Kondoh Shinji, Sugawara Hirobumi, Harada Naoki, Matsumoto Naomichi, Ohashi Hirofumi, Sato Masato, Kantaputra Piranit N, Ogino Toshihiko, Tomita Hiroaki, Ohta Tohru, Kishino Tatsuya, Fukushima Yoshimitsu, Niikawa Norio, Yoshiura Koh-ichiro
Department of Human Genetics, Nagasaki University School of Medicine, Sakamoto, Japan.
J Hum Genet. 2002;47(3):136-9. doi: 10.1007/s100380200015.

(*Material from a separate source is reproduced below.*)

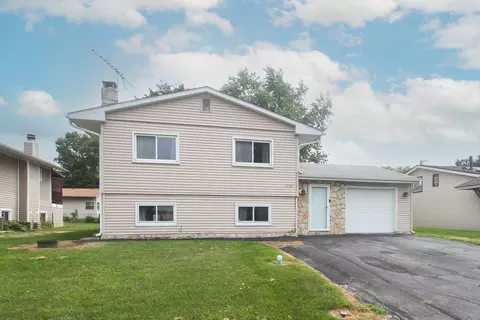 2322 Arrow St, Carpentersville, IL 60110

Mirror-image polydactyly of hands and feet (MIP) is a very rare congenital anomaly characterized by mirror-image duplication of digits. To isolate the gene responsible for MIP, we performed translocation breakpoint cloning from an MIP patient with t(2;14)(p23.3;q13). We isolated a good candidate gene for MIP that was disrupted by the translocation of the patient. We had previously con structed a 1.2-megabase bacterial artificial chromosome (BAC)/P1-derived artificial chromosome (PAC) contig covering the 14q13 breakpoint of t(2;14)(p23.3;q13). From a 500-kb segment consisting of seven BAC/PAC clones in the contig, we isolated a novel gene (the mirror-image polydactyly 1 gene, designated as MIPOL1, GenBank Accession No. AY059470), in addition to the hepatocyte nuclear factor 3 alpha gene (HNF3A, GenBank Accession No. XM 007360). MIPOL1 spans about 350kb, comprises 15 exons, and encodes 442 amino acids. Northern blot analysis revealed that MIPOL1 expression is definite but very weak in adult heart, liver, skeletal muscle, kidney, and pancreas, and in fetal kidney. In view of the genome sequence and the contig map constructed, the 14q13 breakpoint of the patient was identified as located in intron 11 of MIPOL1, indicating that the gene was disrupted by the translocation, and that the breakage resulted in MIPOL1 protein truncation. Whole-mount in situ hybridization in mouse resulted in mouse Mipol1 signals all over E10.5-E13.5 mouse embryos. Two other unrelated patients with limb anomalies similar to MIP were subjected to mutation analysis of MIPOL1, but none had any mutations. We then isolated BAC clones from the other breakpoint, 2p23.3. A search for genes and expressed sequence tags in a more than 300-kb region around the 2p23.3 breakpoint found only the neuroblastoma-amplified protein gene (NAG, GenBank Accession No. NM 015909), which is located at least 50kb centromeric to the breakpoint and is not likely to be related to MIP. MIPOL1 is a good candidate gene for the MIP type of anomaly.
手足镜像多指(趾)畸形(MIP)是一种非常罕见的先天性异常,其特征为手指(脚趾)的镜像重复。为了分离出导致MIP的基因,我们对一名患有t(2;14)(p23.3;q13)的MIP患者进行了易位断点克隆。我们分离出了一个MIP的良好候选基因,该基因因患者的易位而被破坏。我们之前构建了一个覆盖t(2;14)(p23.3;q13)的14q13断点的1.2兆碱基细菌人工染色体(BAC)/P1衍生人工染色体(PAC)重叠群。从重叠群中由七个BAC/PAC克隆组成的500千碱基片段中,除了肝细胞核因子3α基因(HNF3A,GenBank登录号XM_007360)外,我们还分离出了一个新基因(镜像多指(趾)畸形1基因,命名为MIPOL1,GenBank登录号AY059470)。MIPOL1跨度约350kb,包含15个外显子,编码442个氨基酸。Northern印迹分析显示,MIPOL1在成年心脏、肝脏、骨骼肌、肾脏和胰腺以及胎儿肾脏中的表达是确定的,但非常微弱。鉴于构建的基因组序列和重叠群图谱,该患者的14q13断点被确定位于MIPOL1的第11内含子中,这表明该基因因易位而被破坏,且断裂导致MIPOL1蛋白截短。在小鼠中进行的全胚胎原位杂交在整个E10.5 - E13.5小鼠胚胎中都产生了小鼠Mipol1信号。另外两名患有与MIP相似肢体异常的无关患者接受了MIPOL1的突变分析,但均未发现任何突变。然后我们从另一个断点2p23.3分离出BAC克隆。在2p23.3断点周围超过300千碱基的区域中搜索基因和表达序列标签,仅发现了神经母细胞瘤扩增蛋白基因(NAG,GenBank登录号NM_015909),它位于断点着丝粒侧至少50kb处,不太可能与MIP相关。MIPOL1是MIP类型异常的一个良好候选基因。